The following unaudited pro forma combined financial data presents the
pro forma combined balance sheet of the Company as of May 1, 1999 as if the
Transactions had occurred on May 1, 1999, and presents the pro forma combined
statements of operations data of the Company for the periods presented as if the
Transactions had occurred on November 2, 1997. The unaudited pro forma combined
financial data is based on the historical consolidated financial statements of
the Company and the adjusted historical consolidated financial statements of
Shelby Williams, and on the assumptions and adjustments described in the notes
to such unaudited pro forma combined financial data, including assumptions
relating to the allocation of the consideration paid for Shelby Williams to the
assets and liabilities of Shelby Williams based on preliminary estimates of
their respective fair values. The actual allocation of such consideration may
differ from that reflected in the unaudited pro forma combined financial data.

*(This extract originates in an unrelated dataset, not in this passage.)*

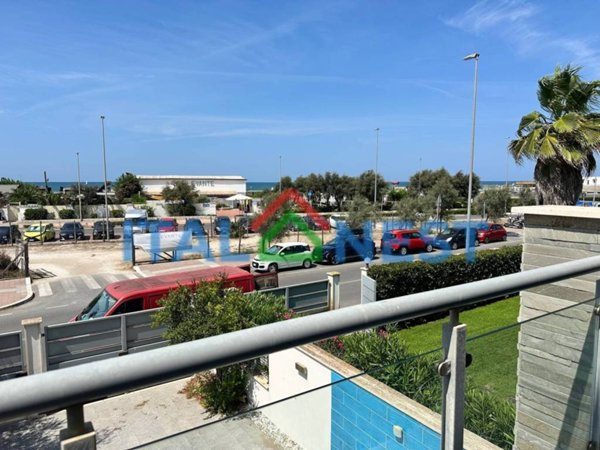 casa indipendente in vendita a Fiumicino in zona Fregene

Amounts allocated will be based upon the estimated fair values at the time of
the Acquisition of Shelby Williams which could vary significantly from the
amounts assumed. In addition, the interest rates on the borrowings under the
Senior Secured Credit Facilities, and the estimated transaction fees and
expenses, are assumed solely for the purpose of presenting the unaudited pro
forma combined financial data set forth below. The actual interest rates on the
borrowings under the Senior Credit Facilities and actual transaction fees and
expenses may differ from assumptions set forth below.
The consolidated statements of operations of Shelby Williams for the
year ended October 31, 1998 and the twenty-six weeks ended May 1, 1999 reflect
adjustments to the fiscal year ended December 31, 1998 and the fiscal quarter
ended March 31, 1999 historical financial data of Shelby Williams to conform
such financial data to the fiscal year end and most recent fiscal quarter of
Falcon. As a result, the consolidated statement of operations of Shelby Williams
for the year ended October 31, 1998 was derived by adding the monthly activity
for November and December 1997 to, and subtracting the monthly activity for
November and December 1998 from, the audited consolidated statement of
operations of Shelby Williams for the fiscal year ended December 31, 1998.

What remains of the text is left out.